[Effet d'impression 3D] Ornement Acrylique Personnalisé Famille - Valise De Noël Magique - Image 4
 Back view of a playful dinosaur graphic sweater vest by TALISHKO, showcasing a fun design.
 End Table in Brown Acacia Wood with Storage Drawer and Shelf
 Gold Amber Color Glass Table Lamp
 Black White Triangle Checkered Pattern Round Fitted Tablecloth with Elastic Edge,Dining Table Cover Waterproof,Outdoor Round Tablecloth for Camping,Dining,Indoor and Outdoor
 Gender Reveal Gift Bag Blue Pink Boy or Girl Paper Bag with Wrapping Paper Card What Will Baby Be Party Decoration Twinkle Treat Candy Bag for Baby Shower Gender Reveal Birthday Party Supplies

········

▶ TASK DESCRIPTION
Take the data above and reproduce it exactly.

▶ OUTPUT
[Effet d'impression 3D] Ornement Acrylique Personnalisé Famille - Valise De Noël Magique - Image 4
 Back view of a playful dinosaur graphic sweater vest by TALISHKO, showcasing a fun design.
 End Table in Brown Acacia Wood with Storage Drawer and Shelf
 Gold Amber Color Glass Table Lamp
 Black White Triangle Checkered Pattern Round Fitted Tablecloth with Elastic Edge,Dining Table Cover Waterproof,Outdoor Round Tablecloth for Camping,Dining,Indoor and Outdoor
 Gender Reveal Gift Bag Blue Pink Boy or Girl Paper Bag with Wrapping Paper Card What Will Baby Be Party Decoration Twinkle Treat Candy Bag for Baby Shower Gender Reveal Birthday Party Supplies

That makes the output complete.